Monday, January 25, 2010

Economic Integration and Development

Noting the economic challenges within the Caribbean region, the CSME is necessary for economic integration. The Caribbean exploits natural resources because economic development in the region is delayed in comparison to small and comparable countries and we have preferential rates for agricultural produce. The Caribbean was in line with Ireland, Singapore and Cyprus in 1975. However, there has been a steady decline in growth in the 1970’s to the 1990’s of 1% of the GDP per capita. In 2000, there has been some growth in the real GDP in the Caribbean, increasing per capita incomes. Although poverty rates in the region are high, the Caribbean ranks high on the Human Development Index based on income, literacy and life expectancy. The main economic challenges facing the Caribbean are the loss of preferential arrangements, the ability to achieve higher productivity levels and the necessity to strengthen fiscal positions and reduce public debt burden.
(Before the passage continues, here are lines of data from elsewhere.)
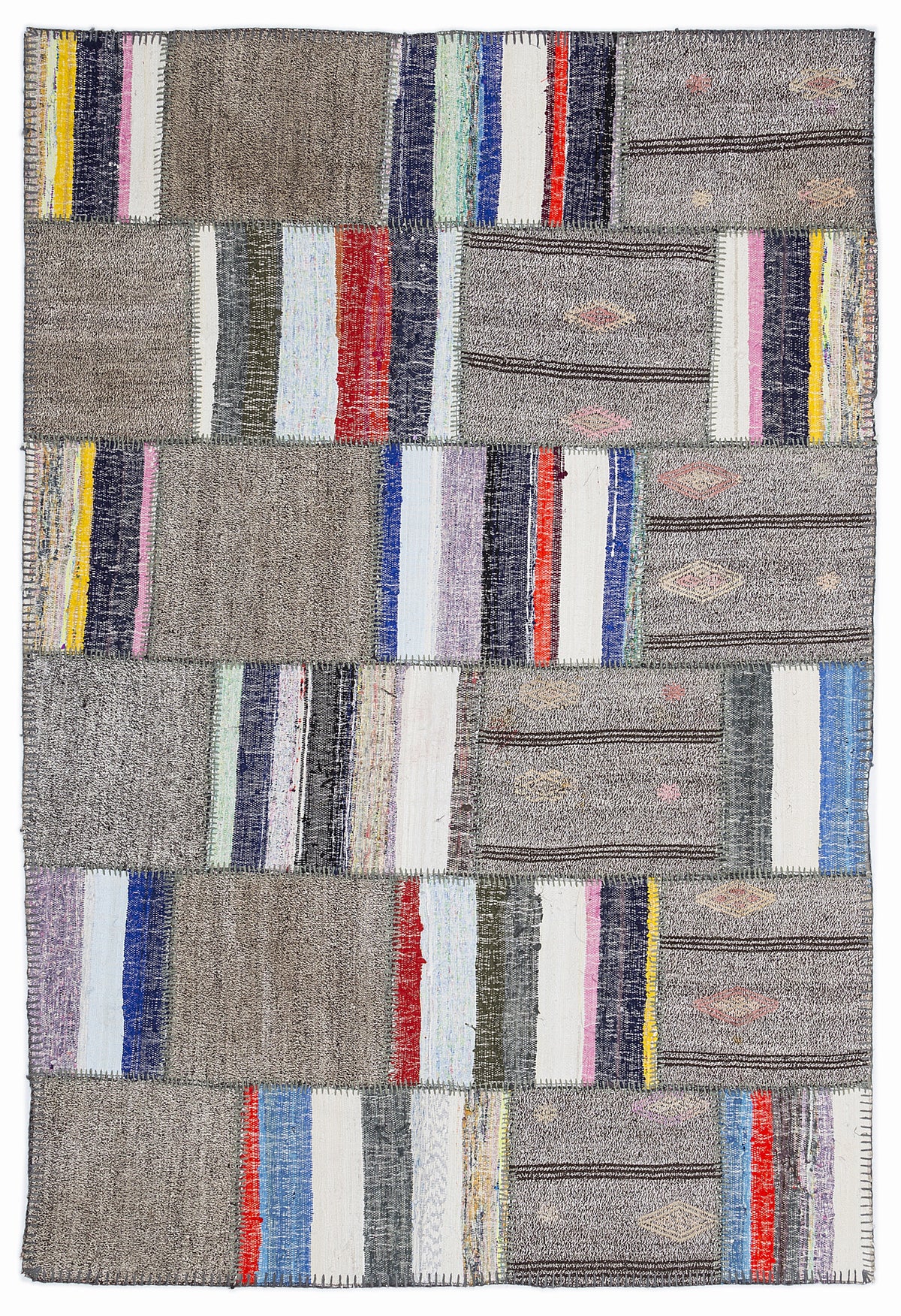 Striped Over Dyed Kilim Patchwork Unique Rug 5&#39;3&#39;&#39; x 7&#39;7&#39;&#39; ft 160 x 230 cm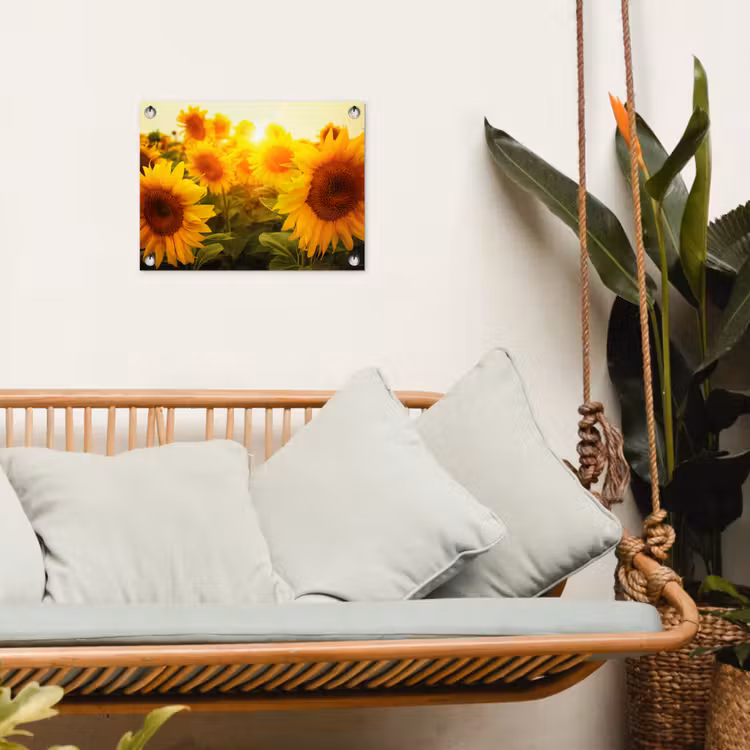 Zonnebloemen in het zonlicht tuinposter los doek klein -sfeer7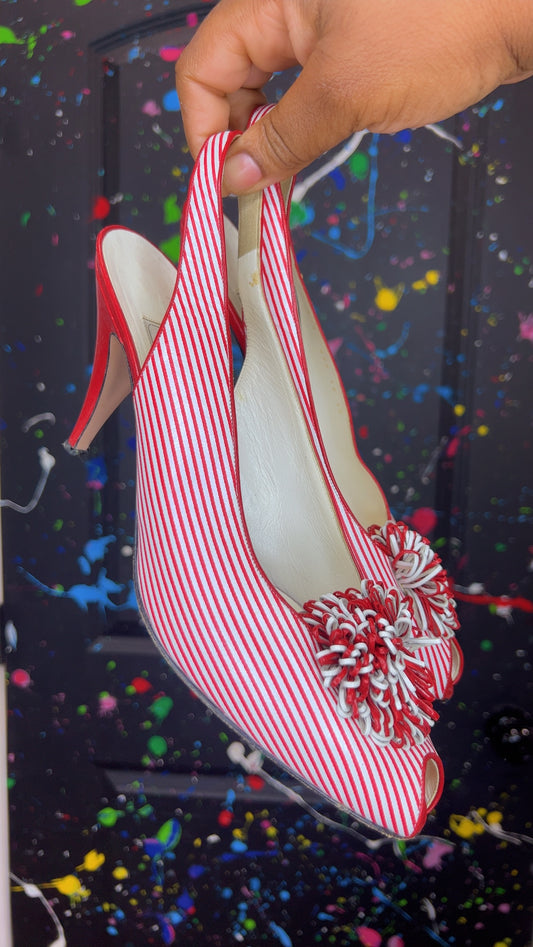 Vintage Red & White Striped Heels (10)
As governments face political mandates to improve social and economic conditions, European markets are eroded. Developing countries have not taken the advantage of the long period of preferential market access to increase productivity of agricultural produce. The agricultural sector in the Caribbean is finding it difficult to be globally competitive. The lower productivity of both public and private investments has declined in the 1990’s. The agriculture sector has declined as a result of migration. Currently, remittances are a major factor to foreign exchange receipts in the region. However, migration has caused the brain drain which weakens the region’s human resources. Excessive build up in public debt hurts growth as resources were redirected to debt servicing.